■ Data supplied
[Start of section]
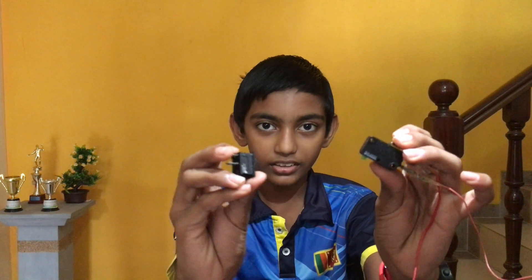You'll also need two switches like this. This switch is special — when the button is pressed, you can't hear the sound, and when the button is not pressed, you can hear the sound. Now I am going to make the door alarm.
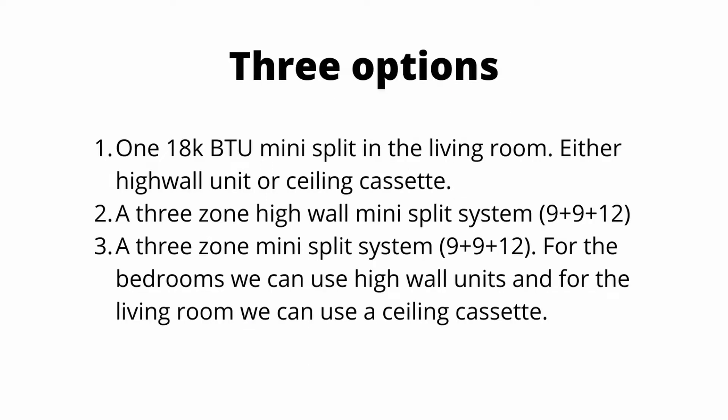Option one: one 18,000 BTU mini split in the living room, either the high wall or ceiling cassette.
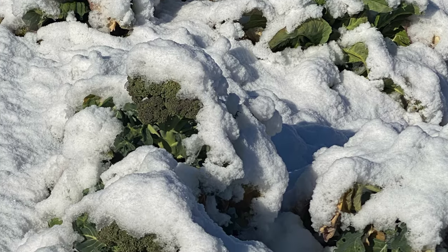Broccoli and cabbages are hardy down to about 25 degrees, and that persnickety cauliflower is hardy down to about 30. The great thing about growing these crops in the fall is that as those temperatures drop, so does the pest pressure — but the flavor increases.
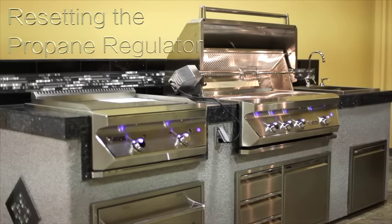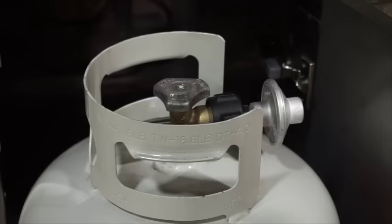How to Reset Your Propane Regulator. If you are using a portable liquid propane regulator in a Twin Eagles grill, the regulator has a safety feature that is designed to detect gas leaks. However, this safety feature can be falsely triggered, which will cause low flames on the burners of your grill. This video will show you how to simply reset your regulator should this happen.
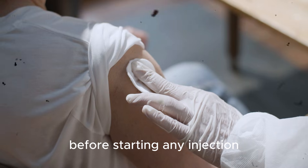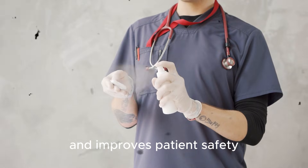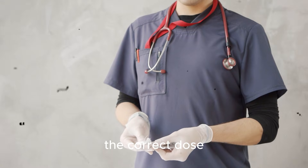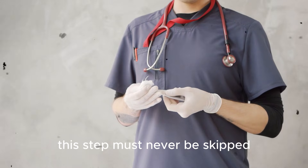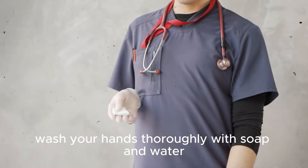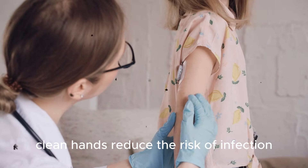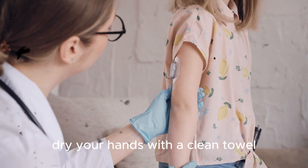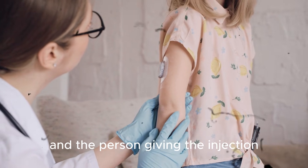Before starting any injection, the most important thing is preparation. Good preparation reduces mistakes and improves patient safety. Always begin by confirming the medication name, the correct dose, the expiry date, and the patient identity. This step must never be skipped — even experienced professionals can make mistakes if they rush. After verification, wash your hands thoroughly with soap and water. Clean hands reduce the risk of infection, and hand hygiene is one of the most powerful tools in healthcare. Dry your hands with a clean towel and put on disposable gloves, which protect both the patient and the person giving the injection.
[End of section]
Give back exactly the run of lines that opens the material above and ends at the line with "Broccoli and cabbages". Omit the pictures.

■ Response area
You'll also need two switches like this. This switch is special — when the button is pressed, you can't hear the sound, and when the button is not pressed, you can hear the sound. Now I am going to make the door alarm.
Option one: one 18,000 BTU mini split in the living room, either the high wall or ceiling cassette.
Broccoli and cabbages are hardy down to about 25 degrees, and that persnickety cauliflower is hardy down to about 30. The great thing about growing these crops in the fall is that as those temperatures drop, so does the pest pressure — but the flavor increases.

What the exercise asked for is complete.